Patricia Hawke for

Even before Hurricane Katrina New Orleans Schools suffered from a lack of teachers, run down facilities and failure to meet state and national guidelines. Since the devastating storm those problems are compounded. As students and families trickle back into New Orleans Schools, those in leadership roles must provide all the necessities to educate the current 27,000 children, along with 100 more who are enrolled each week.
New Orleans Schools have a new leadership team in place to guide the way. Paul Pastorek was recently named Louisiana Schools Chief, and Paul Vallas will head the Recovery School District (RSD), which includes most schools previously run by the state board. Vallas, who has served as superintendent for both Philadelphia and Chicago Schools, appears very realistic about the troubles plaguing the New Orleans Schools.
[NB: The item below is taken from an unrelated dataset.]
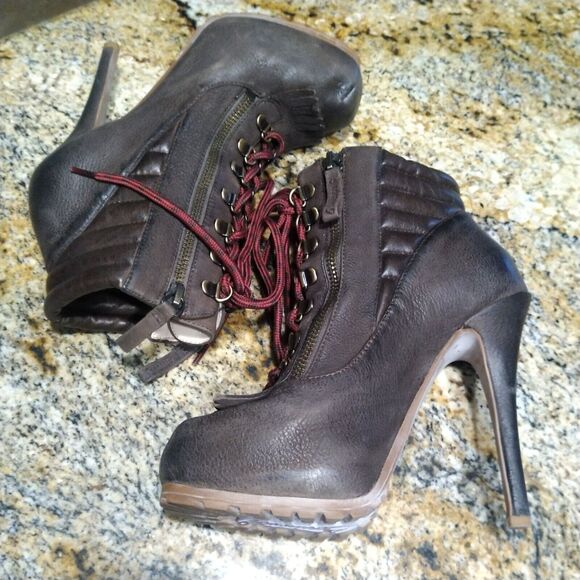 Boutique 9 Arael Platform Ankle Bootie Lace Up High Heels Women's Sz 5.5 - Picture 7 of 13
But he also claims that, “This will be the greatest experiment in choice, in charter, and in creating not only a school system, but also a system of schools.”
Vallas has said that the lack of usual limitations will create opportunities, but that the limited finances will remain challenging. New Orleans Schools currently have a mix of 58 public schools, charter schools and RSD schools open. 20 more New Orleans Schools are expected to open in fall of 2007. What will they look like?
Many hope that charter schools will continue to have a strong presence in the district. New Orleans Schools have 17 RSD authorized charter schools. There are also charter schools run under the local school board and 5 magnet schools. The world is watching to see how these choices are monitored and to determine their effectiveness. Many school reformers hail charters as the future of New Orleans Schools due to their combination of independence and accountability. Failing schools are simply closed.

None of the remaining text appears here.